Downgrades of covered bonds to below triple-A are likely to fall in significance for insurance company investors as a result of recalibrated capital charges under the latest EC Solvency II proposal, according to an analyst, as the required spread pick-ups for double-A covered bonds shrink considerably.

As reported in The Covered Bond Report in December (here) and noted by Fitch on Monday, the latest draft rules proposed by the European Commission extend favourable treatment to covered bonds by allocating double-A rated covered bonds to a separate category of lower capital charges (0.9% compared with 1.1%) and softening the linearity between duration and capital charges after five years.

Florian Eichert, senior covered bond analyst at Crédit Agricole CIB, said that the double-A rated covered bond sector would benefit significantly from these proposals.

“The covered bonds rating cliff with the biggest capital impact for insurance companies is now between AA- and A+, which is also the relevant cliff in the CRD IV,” he said.

The capital charge for double-A rated covered bonds, especially for longer dated maturities, drops considerably, he said, with a 0.9% capital charge the starting point rather than 1.1% as was the case under an earlier proposal, and subsequent increases after year five are significantly smaller, with the capital charge for a 10 year double-A rated covered bond about 4% less, at 7%.

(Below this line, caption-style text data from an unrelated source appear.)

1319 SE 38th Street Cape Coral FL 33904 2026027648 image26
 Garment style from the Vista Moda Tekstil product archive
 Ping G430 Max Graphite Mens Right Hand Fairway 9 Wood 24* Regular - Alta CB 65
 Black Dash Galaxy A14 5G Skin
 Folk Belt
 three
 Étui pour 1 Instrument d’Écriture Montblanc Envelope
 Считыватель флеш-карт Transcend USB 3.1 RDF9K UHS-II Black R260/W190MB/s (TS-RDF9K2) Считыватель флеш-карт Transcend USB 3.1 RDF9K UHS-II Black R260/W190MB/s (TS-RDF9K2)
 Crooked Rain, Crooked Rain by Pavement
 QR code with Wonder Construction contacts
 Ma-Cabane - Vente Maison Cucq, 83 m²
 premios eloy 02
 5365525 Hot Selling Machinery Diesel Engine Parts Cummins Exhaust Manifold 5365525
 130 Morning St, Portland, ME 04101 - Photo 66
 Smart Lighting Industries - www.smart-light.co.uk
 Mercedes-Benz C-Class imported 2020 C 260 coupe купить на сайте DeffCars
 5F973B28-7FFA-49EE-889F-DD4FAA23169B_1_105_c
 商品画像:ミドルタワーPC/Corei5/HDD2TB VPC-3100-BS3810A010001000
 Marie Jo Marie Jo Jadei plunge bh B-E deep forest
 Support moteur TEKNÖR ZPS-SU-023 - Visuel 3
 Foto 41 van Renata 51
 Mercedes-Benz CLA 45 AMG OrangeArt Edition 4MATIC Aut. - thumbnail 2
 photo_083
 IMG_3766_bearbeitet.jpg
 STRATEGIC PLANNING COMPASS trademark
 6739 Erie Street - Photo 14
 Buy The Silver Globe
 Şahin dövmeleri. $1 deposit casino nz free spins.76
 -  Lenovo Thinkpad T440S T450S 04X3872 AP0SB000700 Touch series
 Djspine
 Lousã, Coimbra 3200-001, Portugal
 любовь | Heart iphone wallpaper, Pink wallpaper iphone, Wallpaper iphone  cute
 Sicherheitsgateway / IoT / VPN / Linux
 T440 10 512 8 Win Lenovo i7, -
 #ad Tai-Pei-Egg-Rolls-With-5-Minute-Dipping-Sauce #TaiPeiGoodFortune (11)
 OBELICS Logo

He noted that the capital charge for triple-A rated covered bonds has increased slightly to compensate for the improved treatment of those in the double-A category, and that the former “lose a little bit of their edge” over senior unsecured bonds, but that the aggregate effect after taking into account duration treatment is minimal.

However, the new rules have the biggest positive impact on AA rated covered bonds, he said, a crucial development given that the insurance sector is the only remaining investor group for which a downgrade of a covered bond to below triple-A has “significant economic meaning”.

A covered bond downgrade from triple-A to AA+ may no longer be a major concern, he suggested.

This is because the required spread difference for an insurance company that has an internal required rate of return on capital of 15% shrinks from 41bp in the 10 year segment to a “mere” 12bp, with the spread pick-up in the five year segment dropping from 23bp to only 9bp.

“We would expect the negative bias towards below AAA rated covered bonds, that we have from time to time witnessed in the insurance sector, to be much less of a factor now as long as we stay within the double A category,” said Eichert.